Evidenciando que a indústria do cinema em nosso país entra no século XXI com muita gente nova, atenta e inteligente.

- Showcase

Aparentemente feito na base do improviso, usando uma sala do Copacabana Palace, evidenciou ótimo atendimento e bons contatos. No Showcase era possível assistir, em vídeo, a 83 filmes de curta e longa duração produzidos no Brasil neste dois últimos anos.

- Seminários

Da mesma forma que o Showcase, os seminários deram um caráter mais profissional, empresarial e dinâmico ao Festival. Mas faltaram mais palestrantes brasileiros.

- Legendagem eletrônica

Nem sempre funcionou, mas o saldo foi positivo.

- Odeon

Tudo muito limpo e bonito.

- Site do Festival

Eficaz, o que significa ótimo.


Pontos negativos:
(pensar com propriedade os erros alheios é sempre tarefa difícil. A idéia é que tais problemas sejam sanados para a próxima edição do evento)

- Tribuna Livre

Além dos vídeos em competição houve uma mostra paralela chamada Tribuna Livre.
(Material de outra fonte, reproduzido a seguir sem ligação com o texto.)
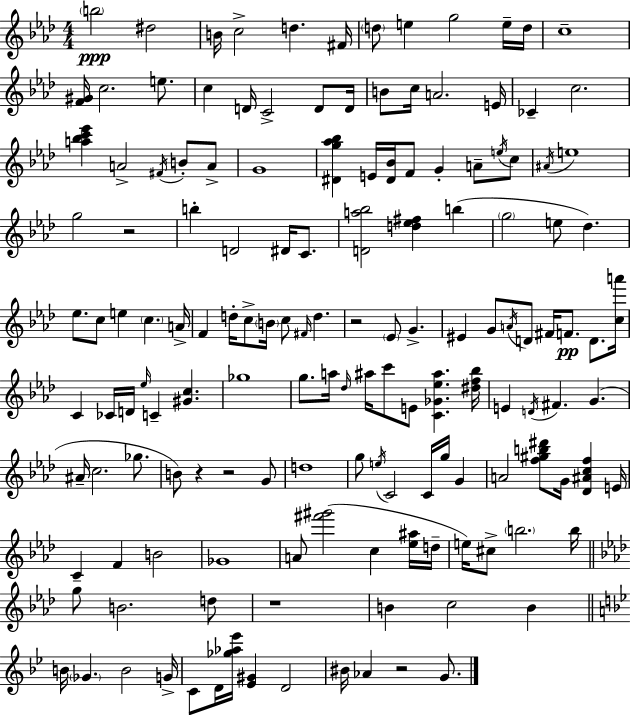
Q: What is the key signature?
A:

Tal evento passou quase sem ser notado porque não houve divulgação alguma nas mídias. Mesmo o Curta o Curta teve muita dificuldade para saber detalhes do evento, parecia que ninguém da organização tinha ficado encarregado com exclusividade da Mostra, que exibiu mais de 50 filmes na Fundição Progresso. A Tribuna Livre talvez tenha sido o ponto mais fraco do Festival. Melhor seria ter feito apenas a competição de vídeos, que foi melhor cuidada.
"... o espaço no catálogo foi miserável, não houve divulgação alguma nas mídias... a iniciativa foi ótima mas faltou organização, a coisa foi meio amadora... o Festival é ótimo mas este evento em particular foi ruim." Cristian Borges é professor de cinema na UFF, realizador de 4 filmes exibidos na Tribuna Livre.
"... faltou consideração com todos os vídeos. Não fui avisada do dia e da hora da exibição do meu filme, ou seja, não pude chamar os amigos que eu queria... e a divulgação dos vídeos exibidos? Você viu em algum lugar? Nem eu nem ninguém viu!!!..." Candy Saavedra é estudante de cinema na Estácio, conseguiu exibir seu filme ’Cesura’ no evento.

- Venda antecipada

Não foi nada inteligente vender antecipadamente apenas até 24 horas antes do filme.

- Poucos filmes clássicos ou raros Deu até saudade dos Tesouros da Cinemateca.